Coinbase Founder and CEO Brian Armstrong will attend Consensus 2019 at the Hilton Midtown in New York City on May 15, 2019.
Steven Ferdman | Getty Images
Coinbase said the US should create a new regulator to oversee digital asset markets as part of a new proposal for a directive released Thursday. She warned that inadequate regulation could leave the country even further behind the curve.
The proposal comes a day after one of its investors, venture capital firm Andreessen Horowitz, released its own vision for regulating next-generation internet services, including blockchain and digital assets. A16z executives, as it is known, planned to meet with executives across the government this week.
Coinbase’s vision overlaps with Andreessen Horowitz’s, but includes some nuanced differences and is more focused on digital assets. While a16z advocated collaboration between regulators, Coinbase said in its policy report that there should be only one regulator for the digital asset markets.
Coinbase’s chief policy officer, Faryar Shirzad, told CNBC that his team was intentionally devising a bold plan to spark discussion.
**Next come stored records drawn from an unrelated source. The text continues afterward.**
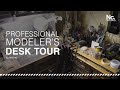 【デスクツアー】プロモデラ―の作業デスク周りや模型用工具の紹介｜MODELER'S DESK TOUR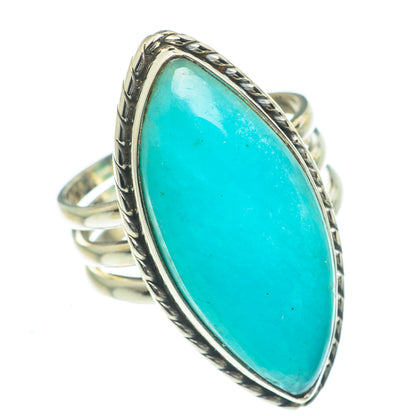 Peruvian Amazonite Rings handcrafted by Ana Silver Co - RING62317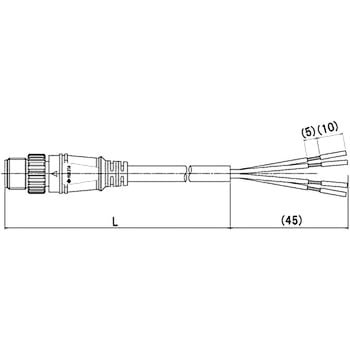 M12 FAコネクタケーブル 行田電線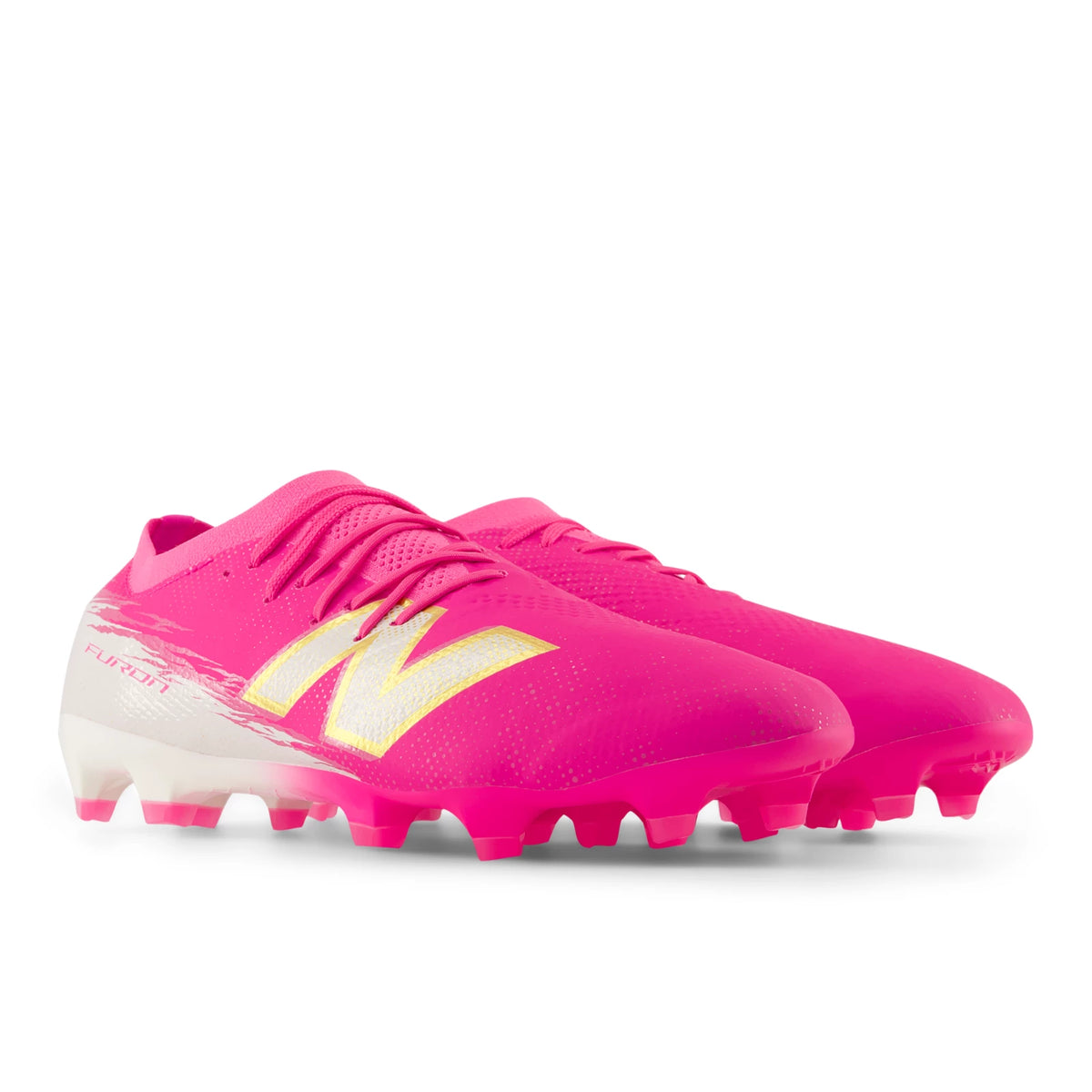 New Balance Furon Pro FG V8 Pink Heat with Sea Salt and Gold Metallic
“We started where a lot of people start, which is to take the existing plethora of regulators and figure out what minimal operations you can do to make things work,” said Shirzad. “And then there was a point where we just looked at each other maybe three or four weeks ago and said that it would take more effort to try to adapt the current system, which is based on an old market structure – more intellectual I would say effort – than starting from scratch. “
He admitted that setting up a new agency was certainly not the “least opposition” route, but said it wanted to initiate a broader discussion.
“I end up thinking what we thought because our proposal is just the beginning of a conversation that it made sense for us not to compromise on the key issues that we think people, the policymakers, should be thinking,” said he said on a previous call to reporters.
Shirzad said in the earlier call that the company had already met with about three dozen lawmaking offices as well as several agencies to discuss aspects of the proposal. He said feedback from Capitol Hill so far has been “welcome”.
In general, Coinbase said in the policy report that it wants a “clear and comprehensive approach to digital asset regulation and appropriate regulation”. It said regulation needs to recognize how technology can benefit the public and warned that the US is already “behind” other governments in creating comprehensive regulations for digital assets.
“Unless similar steps are taken,” wrote Coinbase, referring to the “unified approach” to digital assets by the UK, the European Union and Signapore, “the United States risks becoming opposed to the primary ‘regulators’ . Shaper “modern financial services – a position the United States has long held.”
The company divided its proposals into four main pillars:
- Create a new framework for regulating digital assets that is separate from the traditional financial system.
- Transfer responsibility for regulating digital markets to a new single federal agency in addition to a nongovernmental self-regulatory organization similar to that which exists in traditional markets.
- Protect digital asset owners from fraud and market manipulation and require disclosures to promote transparency.
- Promote fair competition and interoperability between products.